From early December 1940 to February 1941, during Operation Compass, the exploits of the Western Desert Force earned a parody of the Prime Minister, Winston Churchill's, famous quote, "Never has so much been owed by so many, to so few". So many Italians were captured by the Western Desert Force that Anthony Eden said, "Never has so much been surrendered by so many, to so few". From 14 December, the 6th Australian Division replaced the 4th Indian Infantry Division which was redeployed to East Africa.

The Western Desert Force was retitled XIII Corps on 1 January 1941. By February 1941, the remaining Italian forces in Cyrenaica were withdrawing down the Via Balbia with the 7th Armoured Division and the 6th Australian Infantry Division close behind.

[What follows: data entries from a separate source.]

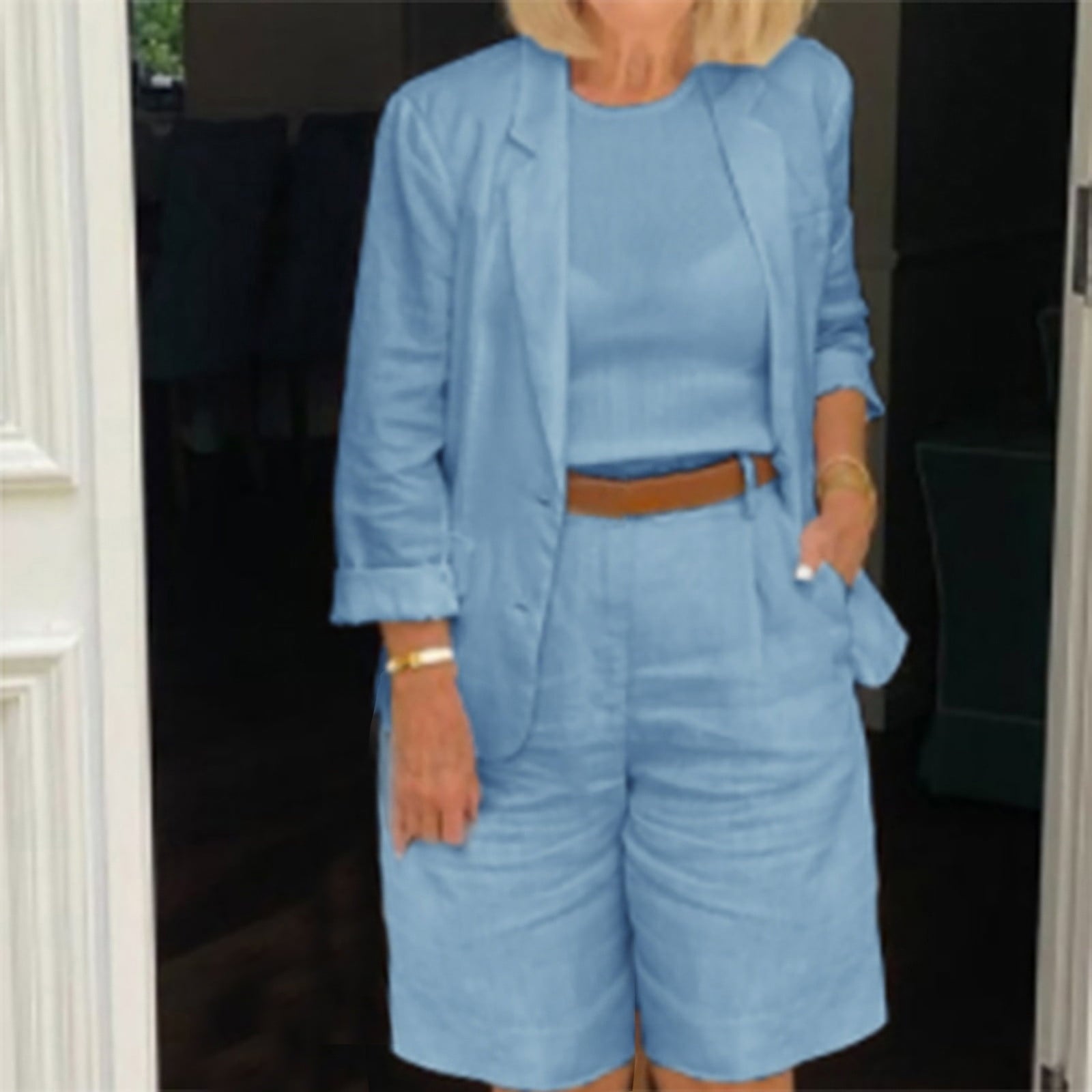 JGGSPWM Women’s 2 Piece Lounge Tracksuit Outfit Sets Cotton Linen Blazer Shirt and Button Casual Shorts Set Blue XXXL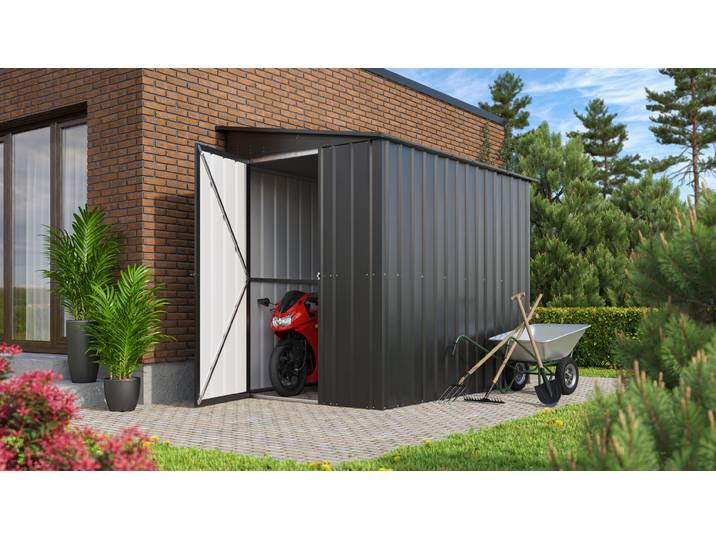 Globel Gerätehaus Wand-Zierde LeanTo Gerätehaus aus Metall in Grau, Geräteschrank Gartenhaus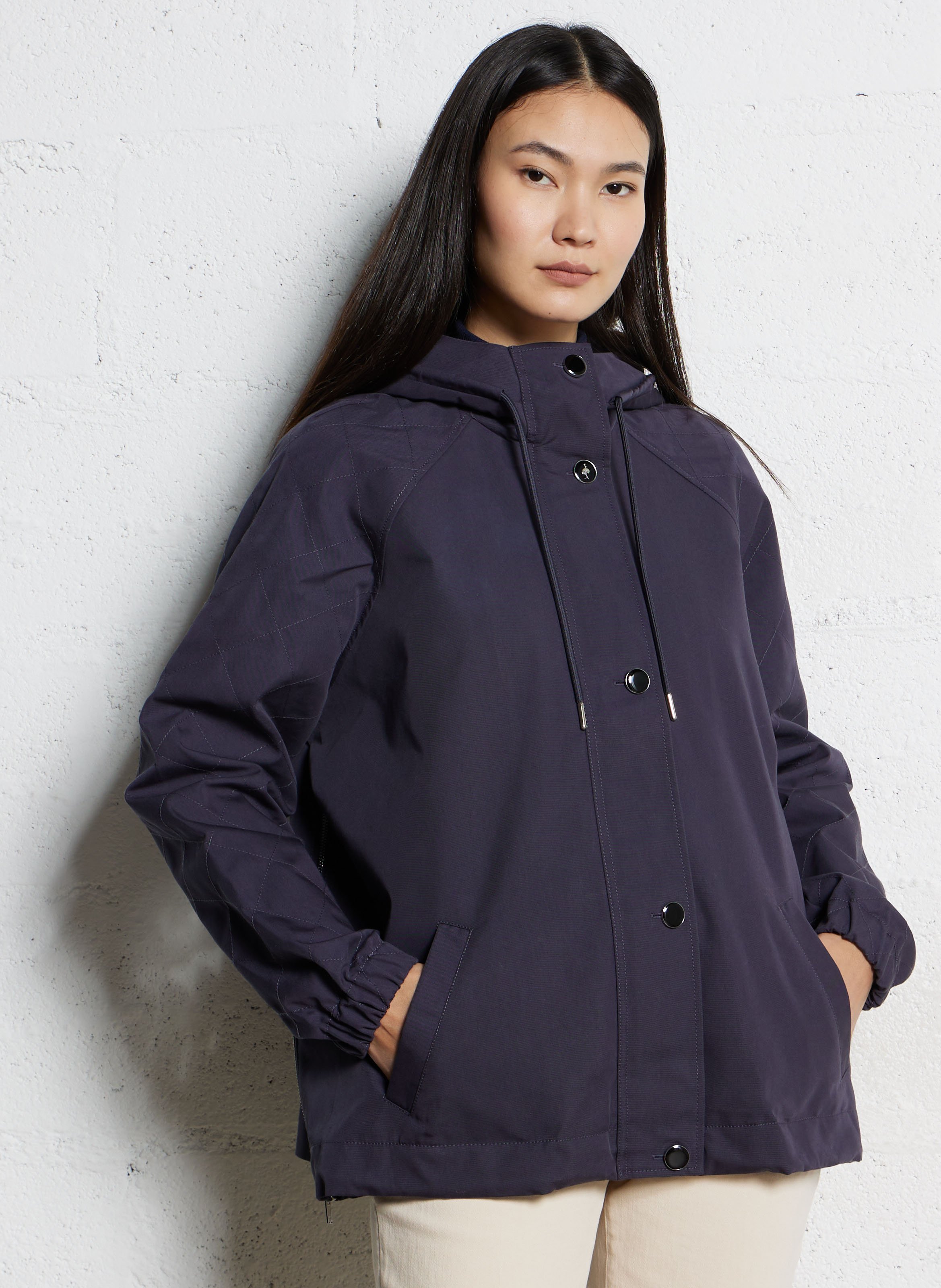 Coupe vent col montant en coton mélangé ONE STEP Bleu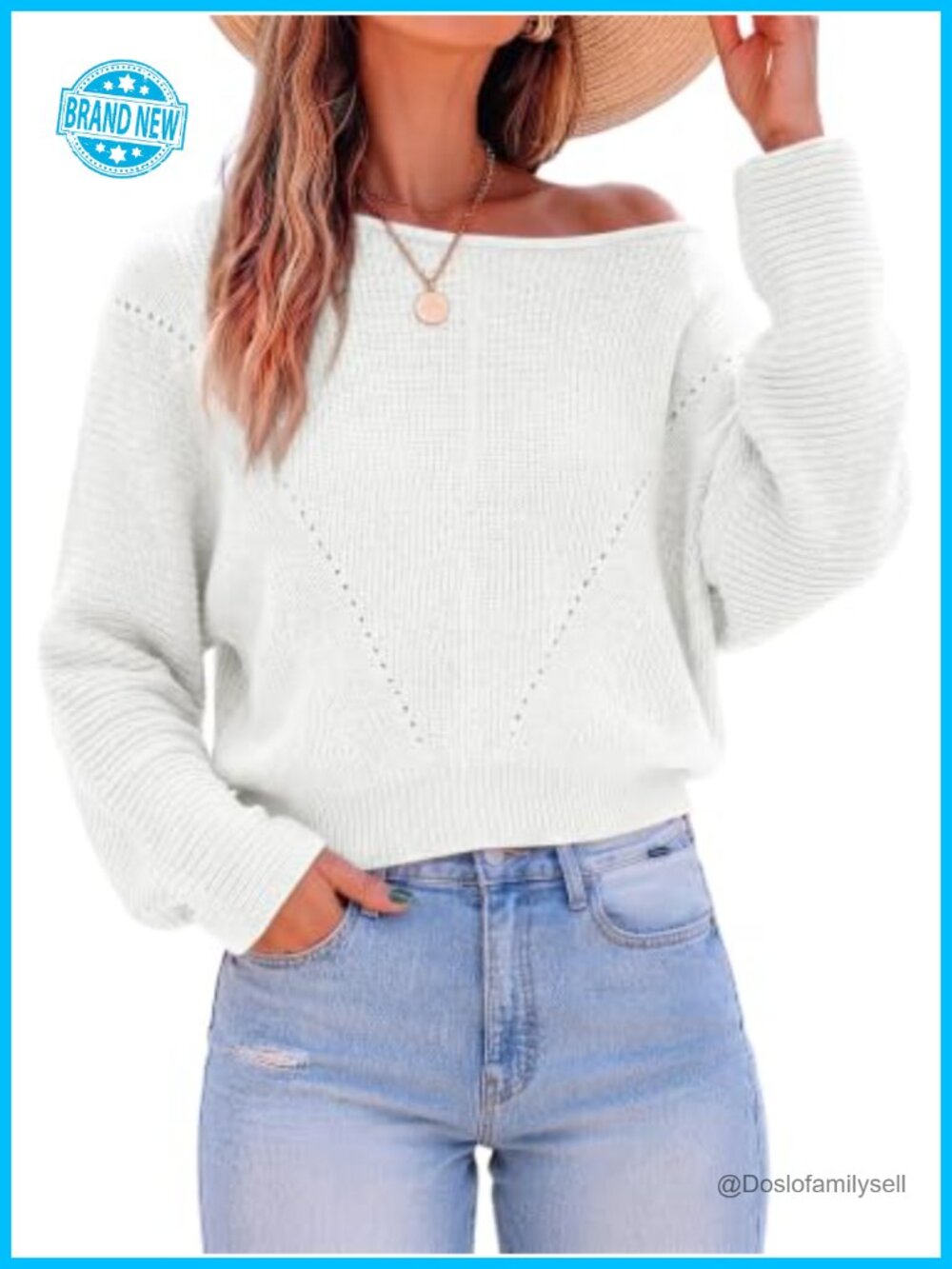 Womens Off Shoulder Batwing Sleeve Boat Neck Knit Pullover Sweater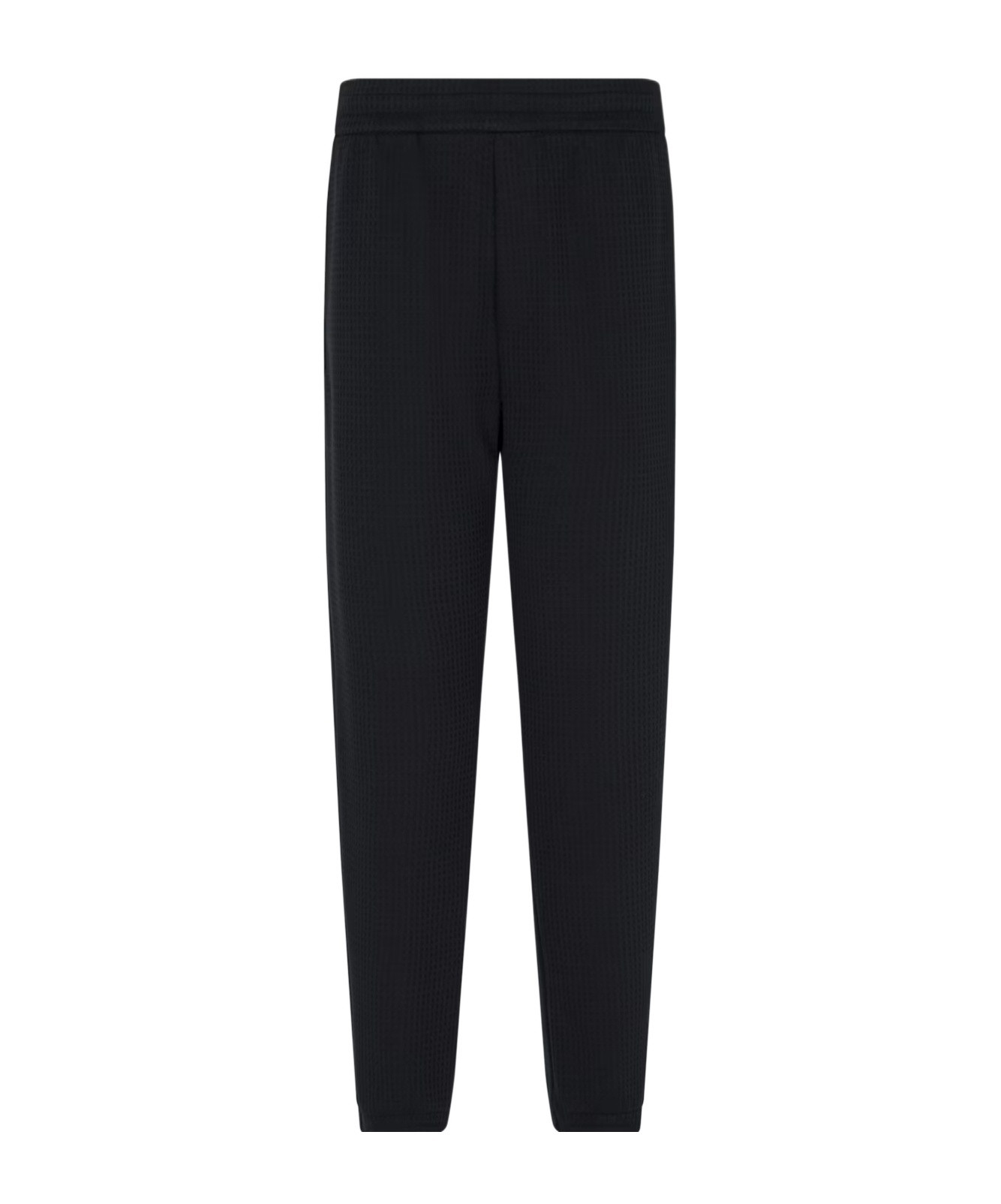Emporio Armani Textured Drawstring Trousers In Blue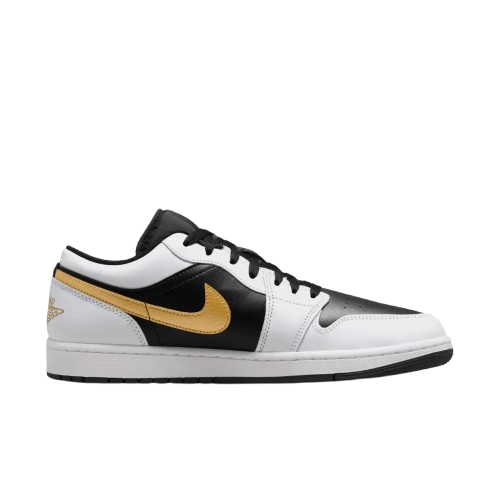 Tênis Air Jordan 1 Low "White Black Metallic Gold Swoosh" Masculino Branco / Preto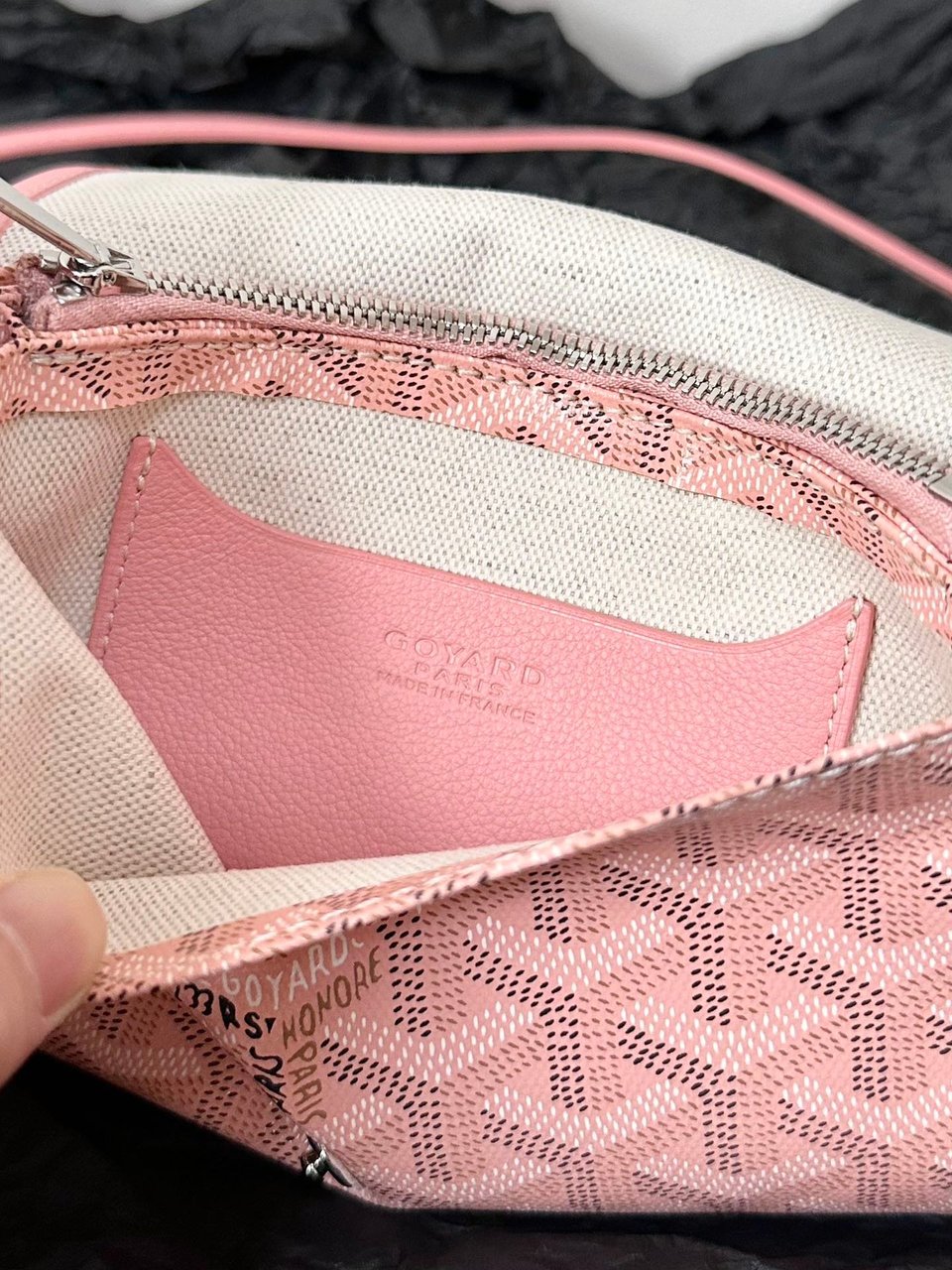 Goyard Plumet Pocket Wallet 20cm Pink Goyardine Canvas And Lambskin Trim view 4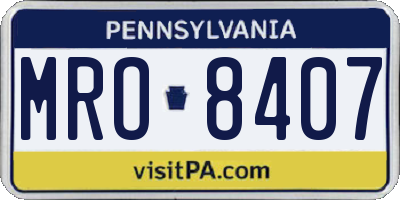 PA license plate MRO8407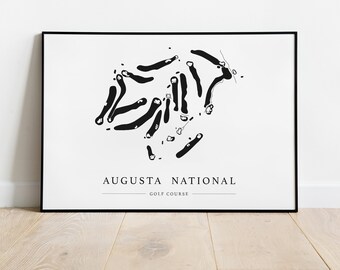 Augusta National Print | Landscape | Golf Layout, Scorecard Print, Local Course, Aerial Design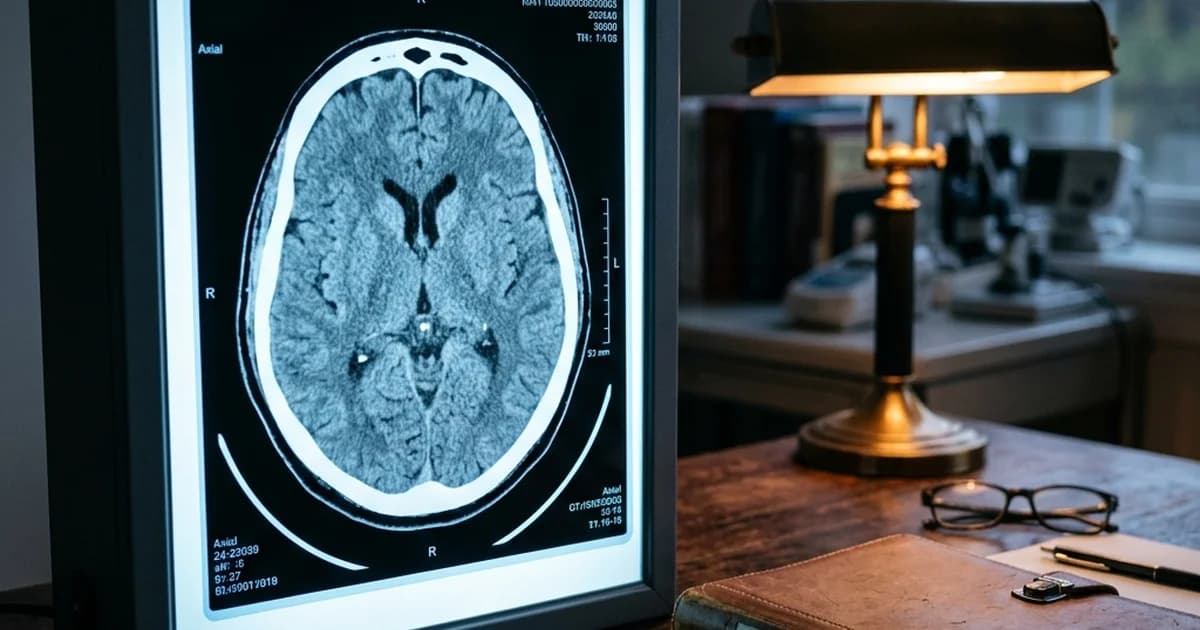 A brain CT scan on a radiology lightbox beside a legal folder, representing a traumatic brain injury claim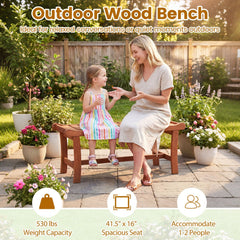 2-Person Outdoor Wood Bench with Slatted Seat and Raised Edges-1 Piece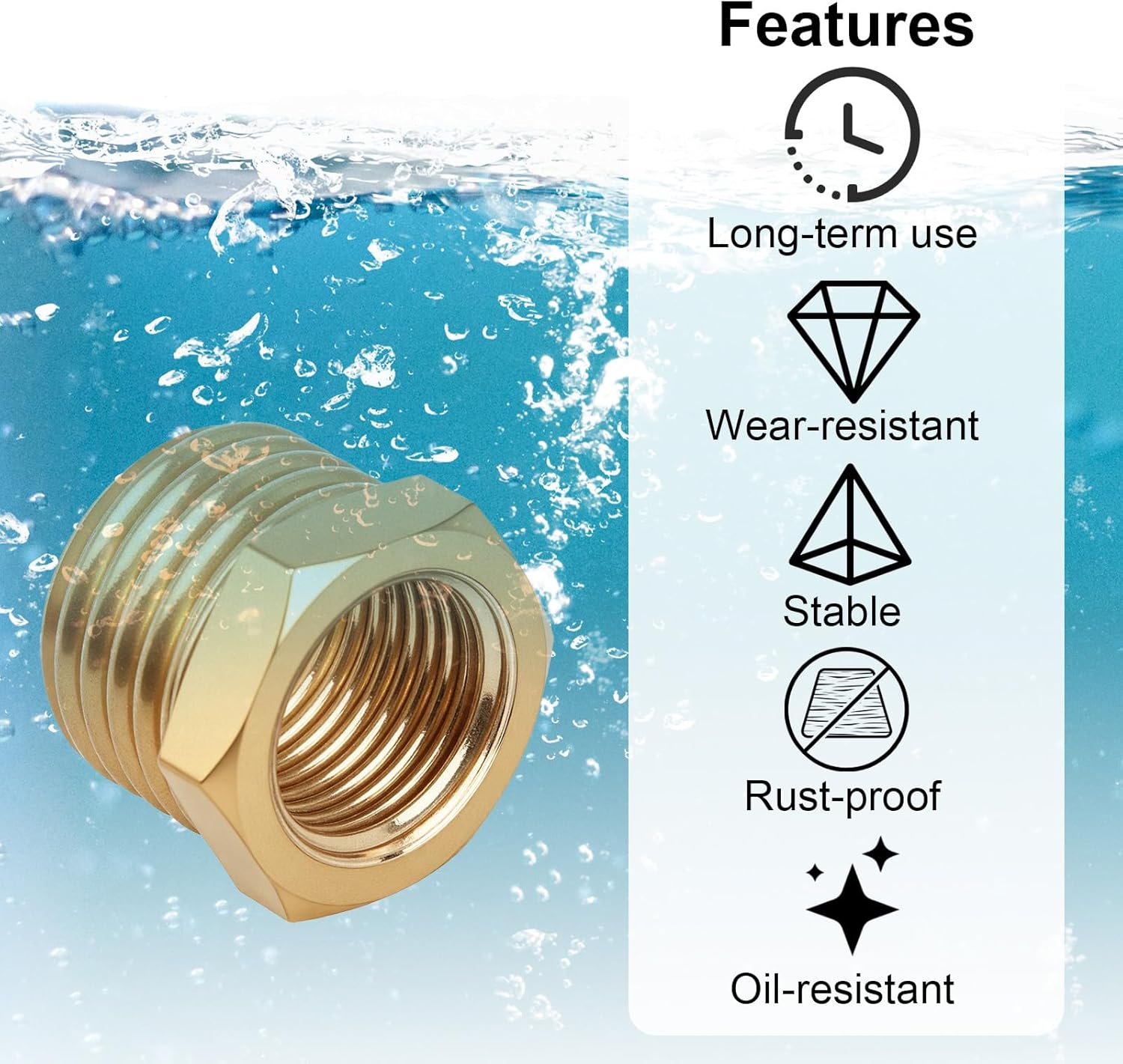 9Pcs Brass Reducer Hex Bushing, 1/4" NPT Male to 1/8" NPT Female Threaded Pipe Fitting Reducer Adapter for Plumbing Hydraulic Gas Applications image number 6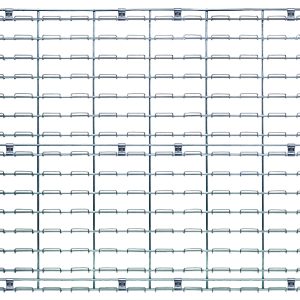 The Quantum Wire Louvered Panel is a chrome-finished metal grid with parallel bars and square openings, measuring 36L x 30H. Its great for fencing or barriers, and it comes with mounting clips but no hardware.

When Operation Compass came to an end with the surrender of the Italian Tenth Army the corps HQ was disbanded in February and its responsibilities taken over by HQ Cyrenaica Command (Cyrcom) a static command, reflecting the Allied defensive posture in the Western Desert as Middle East Command conentrated on the Battle of Greece in April.

After the Italian forces in North Africa had been reinforced with the Africa Korps under Erwin Rommel during Operation Sonnenblume, Lieutenant General Philip Neame, General Officer Commanding (GOC) Cyrenaica, was captured during Rommel's advance and the Western Desert Force HQ was revived on 14 April, under Major-General Noel Beresford-Peirse, to take command of British Commonwealth forces in the western desert and halt the Axis advance at the Egypt–Libya border.

In August 1941 General Archibald Wavell was replaced as Commander-in-Chief (C-in-C) Middle East by Claude Auchinleck and the British and Commonwealth forces were reinforced to create, in September 1941, the Eighth Army. During this reorganisation the Western Desert Force reverted to the name XIII Corps in October 1941 and became part of the new army.